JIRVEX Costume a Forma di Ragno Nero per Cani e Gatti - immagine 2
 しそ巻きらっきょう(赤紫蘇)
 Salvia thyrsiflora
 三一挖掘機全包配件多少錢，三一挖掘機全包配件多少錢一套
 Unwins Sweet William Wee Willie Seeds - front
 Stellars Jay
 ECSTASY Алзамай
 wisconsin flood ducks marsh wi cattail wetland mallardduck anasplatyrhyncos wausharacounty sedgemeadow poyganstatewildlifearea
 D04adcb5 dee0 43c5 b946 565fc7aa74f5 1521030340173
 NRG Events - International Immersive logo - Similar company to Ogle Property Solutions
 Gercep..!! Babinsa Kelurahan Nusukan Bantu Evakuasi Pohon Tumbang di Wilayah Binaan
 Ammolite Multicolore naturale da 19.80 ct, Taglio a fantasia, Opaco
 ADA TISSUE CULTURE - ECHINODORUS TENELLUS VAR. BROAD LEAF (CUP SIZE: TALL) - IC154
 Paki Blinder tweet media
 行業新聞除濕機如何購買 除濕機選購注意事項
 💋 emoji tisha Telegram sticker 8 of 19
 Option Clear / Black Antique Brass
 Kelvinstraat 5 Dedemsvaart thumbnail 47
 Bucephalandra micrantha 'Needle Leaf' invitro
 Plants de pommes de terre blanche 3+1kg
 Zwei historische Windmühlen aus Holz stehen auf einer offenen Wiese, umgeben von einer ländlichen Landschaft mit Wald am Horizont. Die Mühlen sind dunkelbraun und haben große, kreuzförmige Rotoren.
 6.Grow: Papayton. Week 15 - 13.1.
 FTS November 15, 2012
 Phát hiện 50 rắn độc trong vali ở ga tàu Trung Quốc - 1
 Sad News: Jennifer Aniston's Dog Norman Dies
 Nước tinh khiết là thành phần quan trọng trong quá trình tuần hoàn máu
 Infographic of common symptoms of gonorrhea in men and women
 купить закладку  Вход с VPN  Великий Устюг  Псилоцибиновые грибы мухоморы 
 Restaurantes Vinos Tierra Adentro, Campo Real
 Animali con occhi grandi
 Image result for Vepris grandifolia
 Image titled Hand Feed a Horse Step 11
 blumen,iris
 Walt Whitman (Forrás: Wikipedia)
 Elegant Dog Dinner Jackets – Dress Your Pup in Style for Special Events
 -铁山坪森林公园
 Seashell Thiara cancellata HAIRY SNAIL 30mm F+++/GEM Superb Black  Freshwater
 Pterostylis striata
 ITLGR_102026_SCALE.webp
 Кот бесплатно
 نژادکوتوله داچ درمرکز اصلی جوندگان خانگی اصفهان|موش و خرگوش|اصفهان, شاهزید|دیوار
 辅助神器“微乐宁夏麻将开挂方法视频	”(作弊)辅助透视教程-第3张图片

▬▬▬

• WHAT IS EXPECTED:
Report every line in the listing that holds the word "trong".

• TASK OUTPUT:
 Phát hiện 50 rắn độc trong vali ở ga tàu Trung Quốc - 1
 Nước tinh khiết là thành phần quan trọng trong quá trình tuần hoàn máu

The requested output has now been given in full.